On Friday, May 30, 2003, at 12:38 America/Denver, Chuck Messenger wrote:

> Gregory Colvin wrote:
>> Thanks, but your description of cyclic_ptr is pretty far off the mark.
>
> Sorry -- hopefully you'll forgive my ignorance. I'm just throwing out
> what I understand to be the case, in the hopes that someone (such as
> yourself) would set me straight...
>
>> It does not maintain a global map, and copying cyclic_ptr cost the
>> same
>> as copying shared_ptr.
>
> OK, I'll have to review the old messages again. I thought someone had
> said cyclic_ptr used a global map. Sorry. I suppose better yet would
> be for me to study your actual *code*...

Larry's analysis gives a better explanation than I could.
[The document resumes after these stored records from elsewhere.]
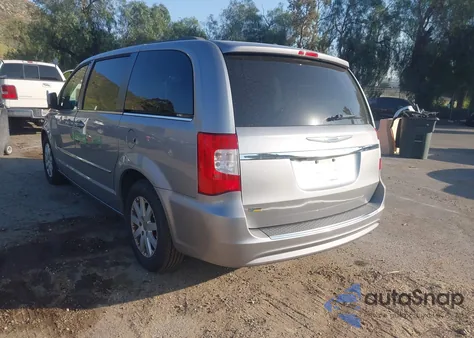 2016 Chrysler Town & Country Touring z USA, uszkodzony, nr VIN 2C4RC1BG5GR213380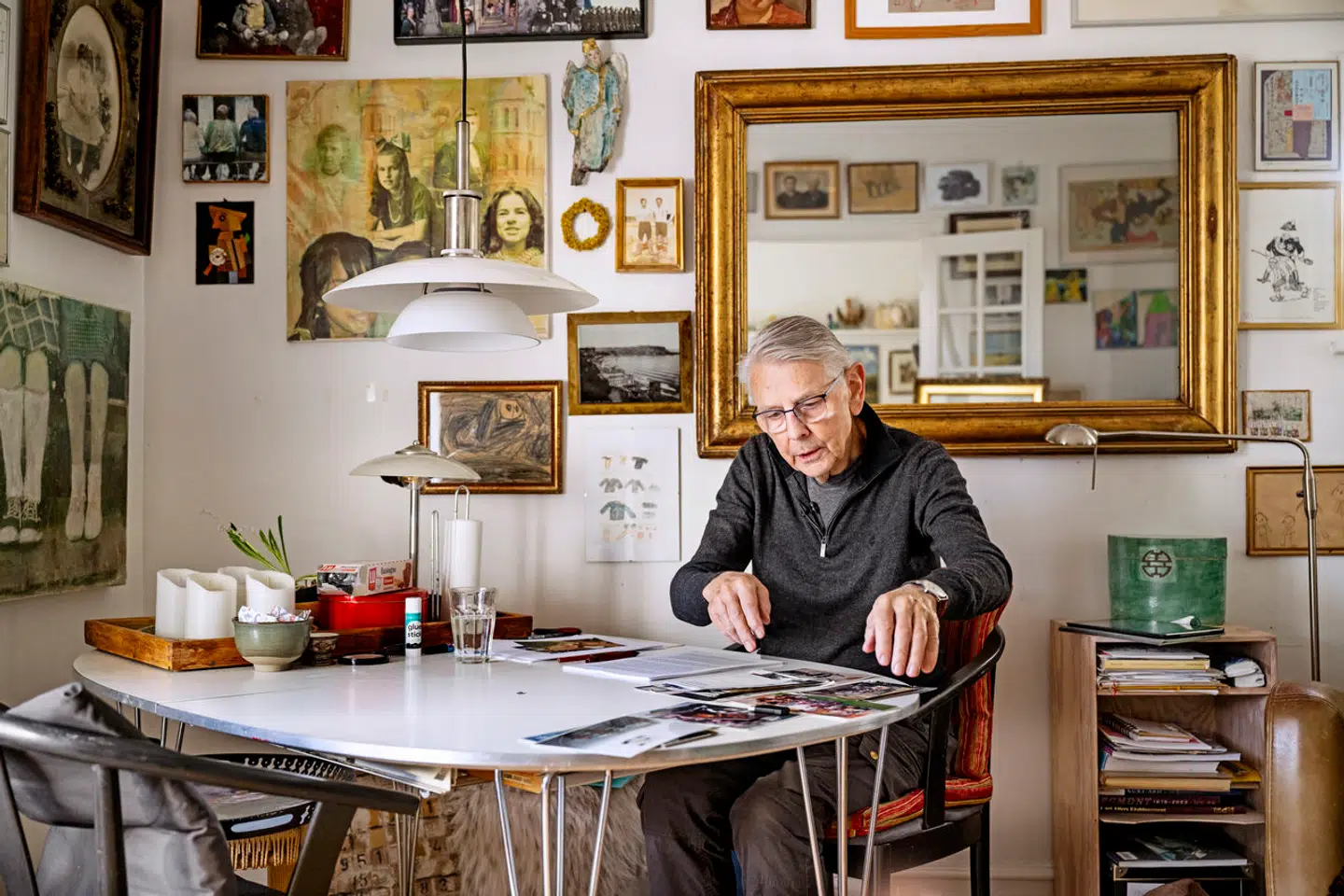 Ebbe Preisler ved spisebordet, hvor han er ved at samle de sidste brikker i det puslespil, der bliver til en bog om sagen.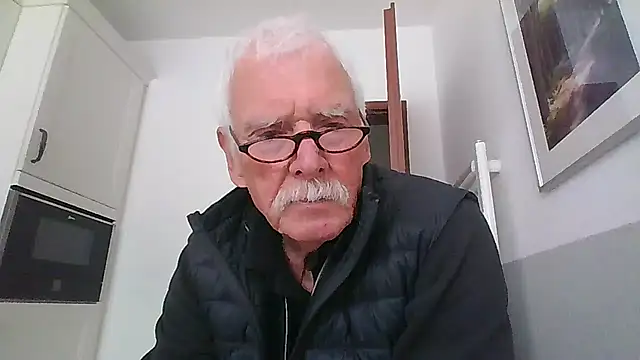 super-snoopy online show from April 17, 2026, 8:17 am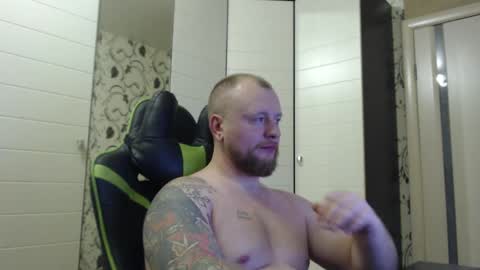 Snapshot of strongass18 chatting on October 18, 2025, 2:29 pm Alex online show from October 18, 2025, 2:29 pm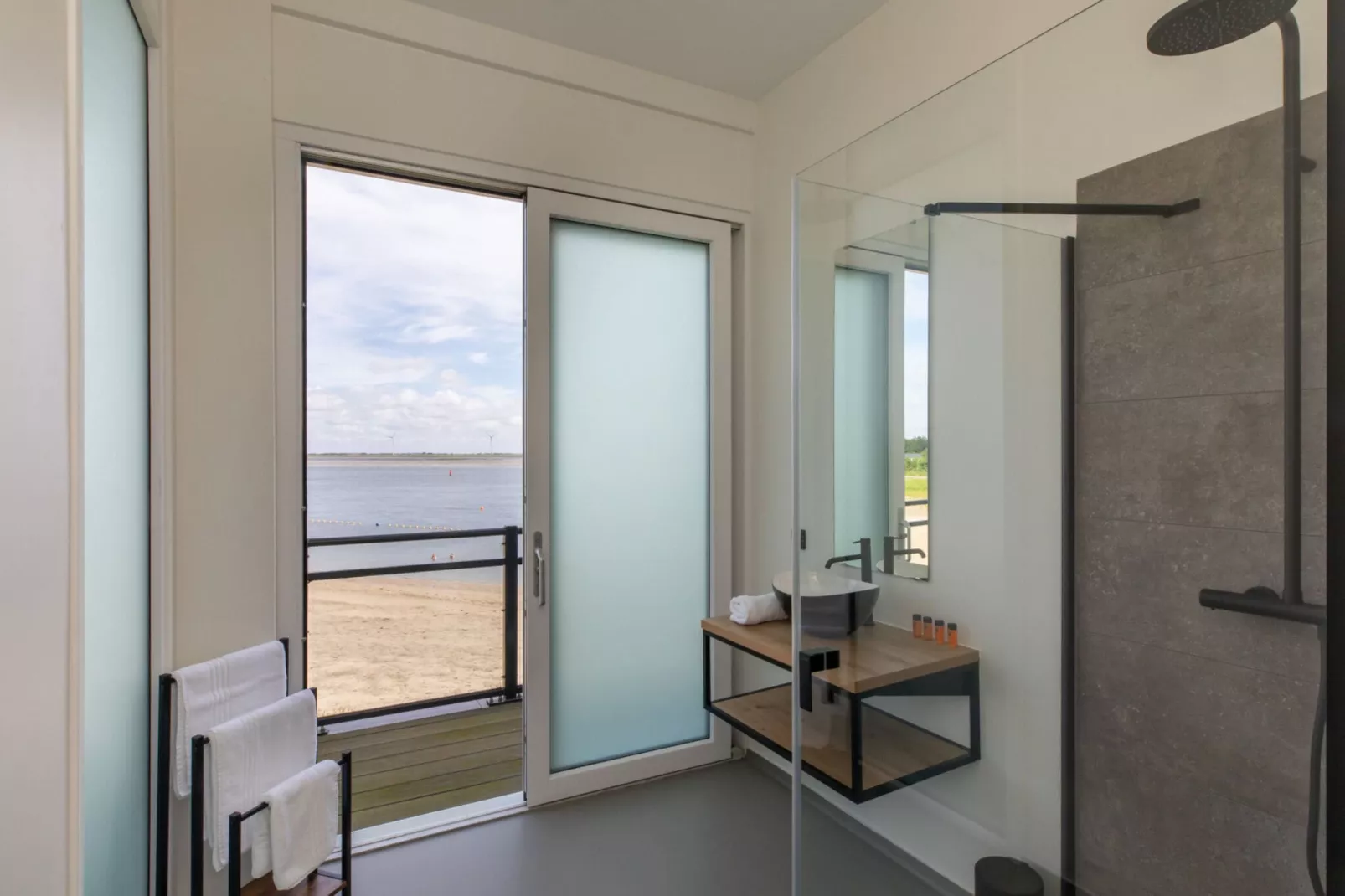 Luxe appartement Vista Maris - Havenweg 8-38  Sint-Annaland-Badkamer
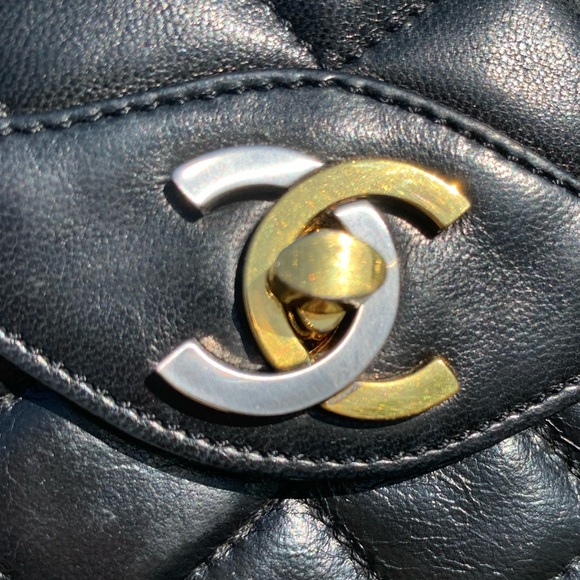 MINI Flap CC Matelasse - Picture 3 of 16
> Do you do a raw scan of memory, like sp_collector, then? (i.e. not
> perfect discovery)

No. The self-assignment trick is precise, unless it is foiled by a
user-written operator=.

>> The special assignment mode is used only during
>> the mark phase of a collection, and costs more or less the same as any
>> other discovery method.
>
> Suppose I have the structure:
>
> struct Image {
> char huge_image[ONE_ZILLION];
> cyclic_ptr<whatever> ptr;
> };
>
> As I understand it, in order to discover 'ptr', you'd invoke
> operator=() on each Image structure you came to. Correct, or
> incorrect?

Correct. So it would be smart to write an operator= for Image that
avoids copying huge_image to itself. And it would best if the
uber-pointer used a less intrusive discovery method. I think
sp_collector is on the right track, if it could be made precise.